Hannibal Caesar Carter (February 1835–June 1, 1904) was the Secretary of State of Mississippi from September 1 to October 20, 1873, and from November 13, 1873, to January 4, 1874, serving the first term after being appointed when Hiram R. Revels resigned. He also served two non-consecutive terms representing Warren County in the Mississippi House of Representatives, the first from 1872 to 1873 the second from 1876 to 1877, both times as a Republican. In later years he changed his affiliation to Democratic. He was one of several African Americans to serve as Mississippi Secretary of State during the Reconstruction era.
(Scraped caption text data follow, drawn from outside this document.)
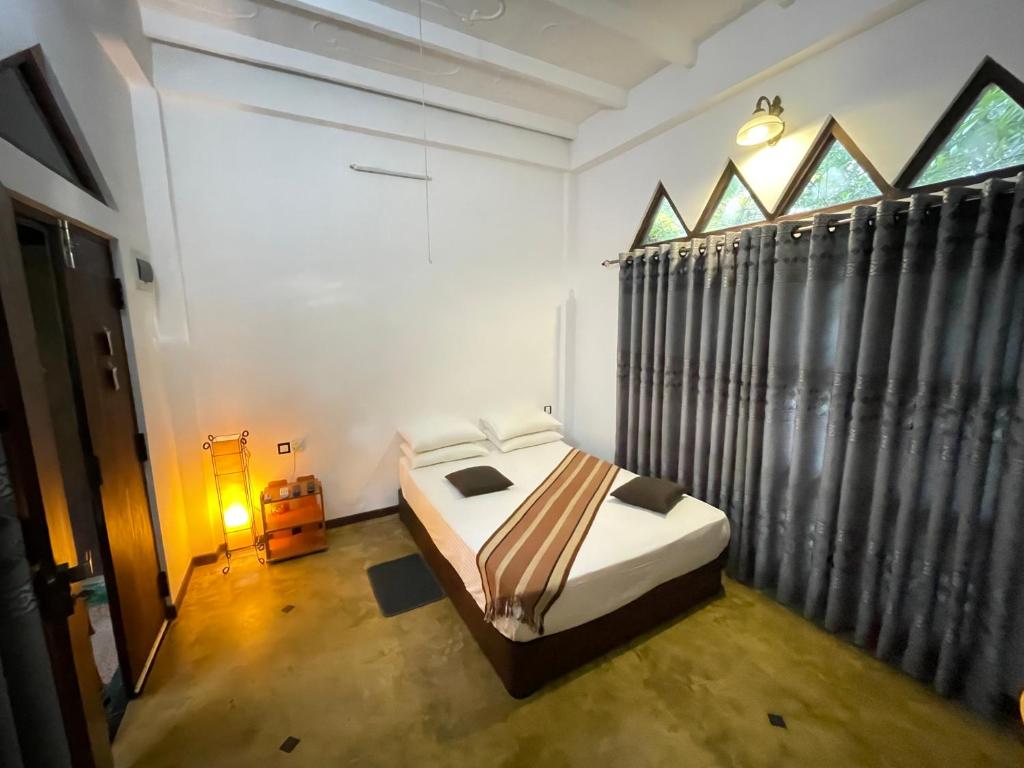 Postel nebo postele na pokoji v ubytování Hotel Gala Addara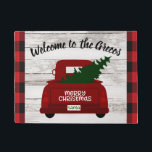 Red Vintage Truck with Christmas Tree Welcome Mat<br><div class="desc">Welcome your guests to your home this year with this festive personalised welcome mat featuring a vintage red pick up truck carrying a Christmas tree fresh from the farm. Easily personalise with your name or family name. Rustic wood, farmhouse style background and trendy red and black buffalo check. Part of...</div>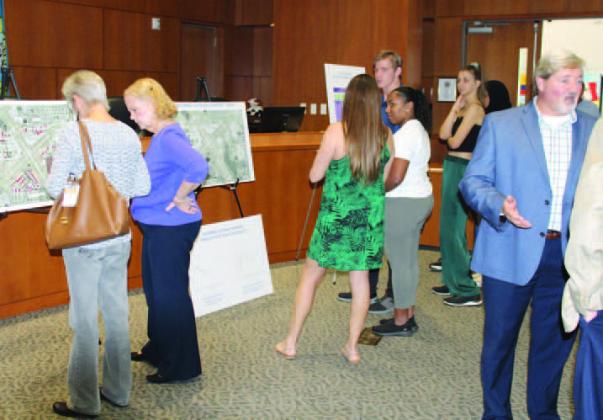 Attendees of an open house last week at Kissimmee City Hall review Kissimmee Gateway Airport’s master plan for the next 20 years. PHOTO/TERRY LLOYD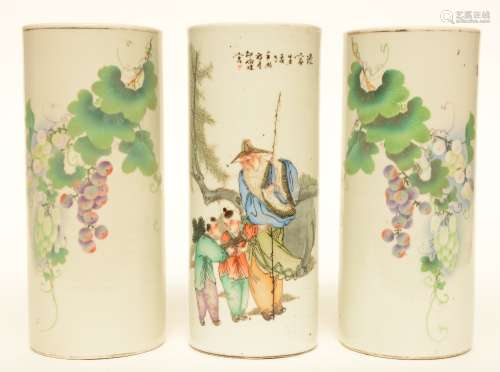 A pair of Chinese polychrome cylinder shaped vases, decorated with grape branches, marked; added a ditto vase decorated with an animated scene, marked, H 29 cm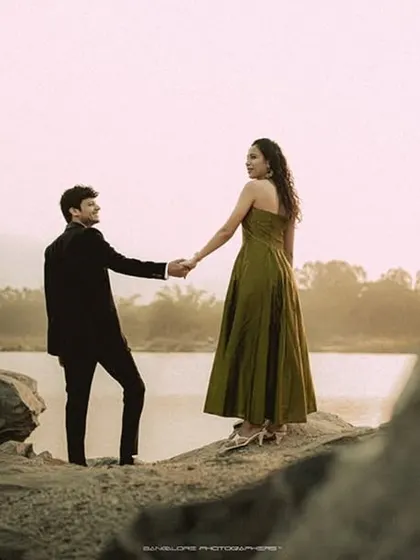 A dramatic pre-wedding shot of the couple walking in a vast, rocky landscape. It tells a story of adventure and journeying together.
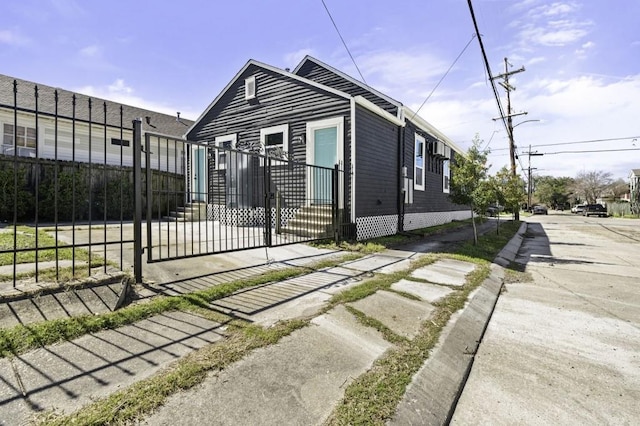 view of side of home featuring a gate and fence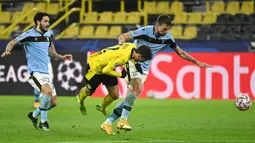 Gelandang Borussia Dortmund, Giovanni Reyna (tengah), berebut bola dengan bek Lazio, Francesco Acerbi (kanan) dalam laga lanjutan Liga Champions 2020/21 Grup F di Signal Iduna Park Stadium, Dortmund, Rabu (2/12/2020) waktu setempat. Dortmund bermain imbang 1-1 dengan Lazio. (AFP/Ina Fassbender)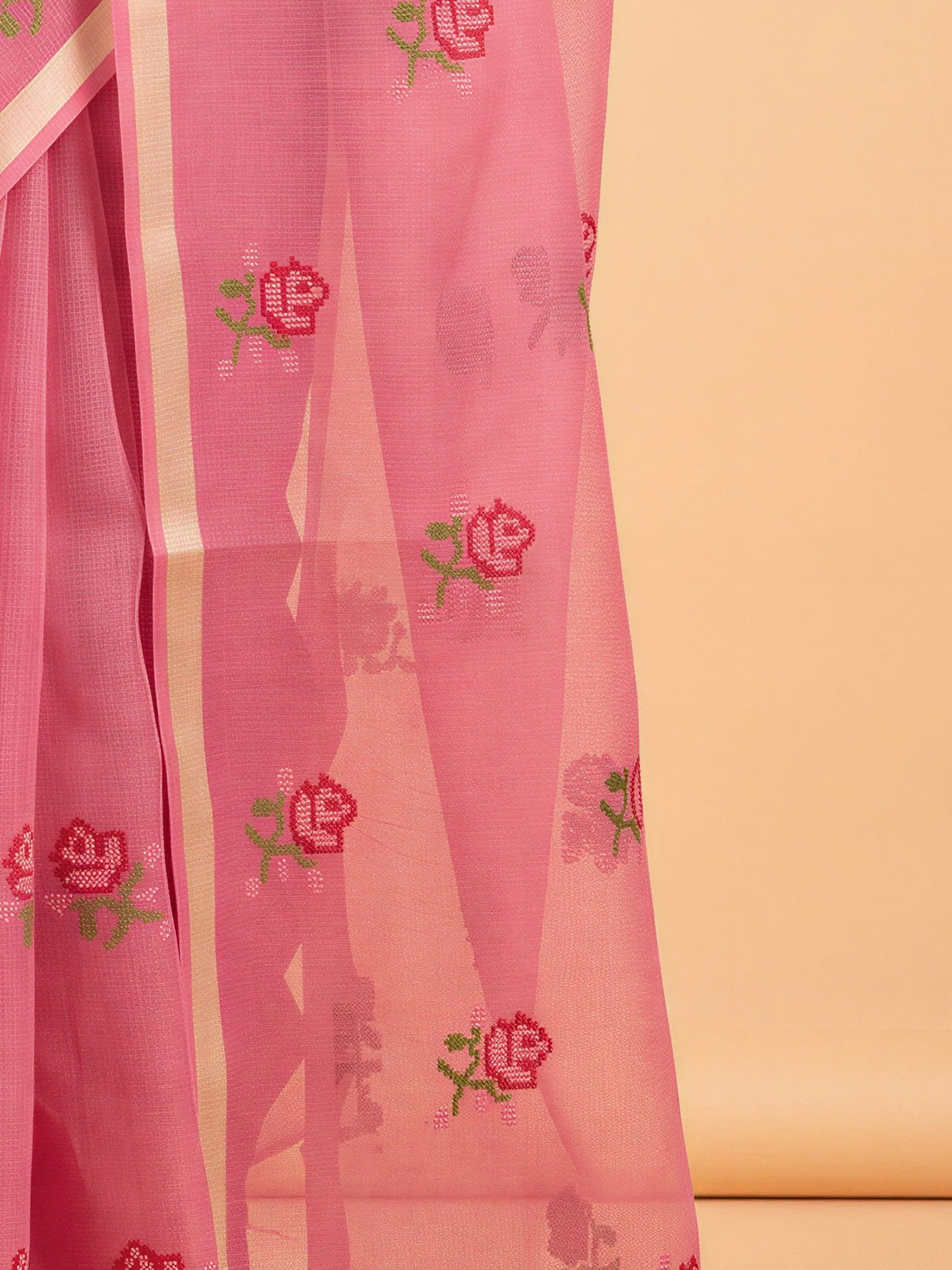 Pallu detail of pink kota doria cotton saree showing embroidered motif work and zari border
Carter was born in New Albany, Indiana, in February 1835, to a free Black family, then moving to Toronto, Canada for his early childhood. He and his brother, Edward E. Carter, served in the Native Guards of Louisiana and then both became Captains in the United States Coloured Troops. His father was George Washington Carter, free Black businessman, Freemason, and active member of the Underground Railroad.

He helped establish the Freedmen's Oklahoma Immigration Association in Chicago in 1881.

He spent his later life in Chicago, Illinois, where he then died at home June 1, 1904 at the age of 69.